づうさん、得たばかりの選挙権、大切に使ってください。資金目当てみたいにして新党が乱立してるけど、難しいことを全部理解しようとしなくてもいいのです。自分が興味を持っている政策ひとつだけでもいい、それを「どうする」と言っているかで各党を比較してみて、それで選んだっていいんですよ。

私はチョビがまだ小さかった頃の区議会選挙の時期、演説している候補者に、いちいち「保育園の民営化についてどういう考えを持っているか」というのを聞いてまわったことがあります。候補者は選挙民と話したいので結構熱心に答えてくれます。

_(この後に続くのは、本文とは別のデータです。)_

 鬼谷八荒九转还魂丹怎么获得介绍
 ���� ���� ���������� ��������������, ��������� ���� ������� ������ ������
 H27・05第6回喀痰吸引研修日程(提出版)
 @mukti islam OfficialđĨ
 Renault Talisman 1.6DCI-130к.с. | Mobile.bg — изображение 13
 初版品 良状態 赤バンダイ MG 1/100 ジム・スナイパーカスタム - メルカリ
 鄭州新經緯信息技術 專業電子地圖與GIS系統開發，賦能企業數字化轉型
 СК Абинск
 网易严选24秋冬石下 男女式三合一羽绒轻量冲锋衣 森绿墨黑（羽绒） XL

自分の言葉で意見を言える人、とおりいっぺんのことしか言えない人、そもそもこいつ保育問題なんてまったく興味ないな、って感じのオジサン、色んな人がいました。その一点の話を聞くだけでも、広報紙を読むよりずっとよく候補者がどんな人かわかったような気がするし、この人なら少なくともこのポイントについてはちゃんとやってくれそう、と思える人が誰かわかりました。

国政選挙は規模が大きいのでなかなかこういうことはできないと思いますが、それでも機会があれば、候補者の生の声を聞いてみるといいと思います。大切な一票、しっかり投じてきてくださいね。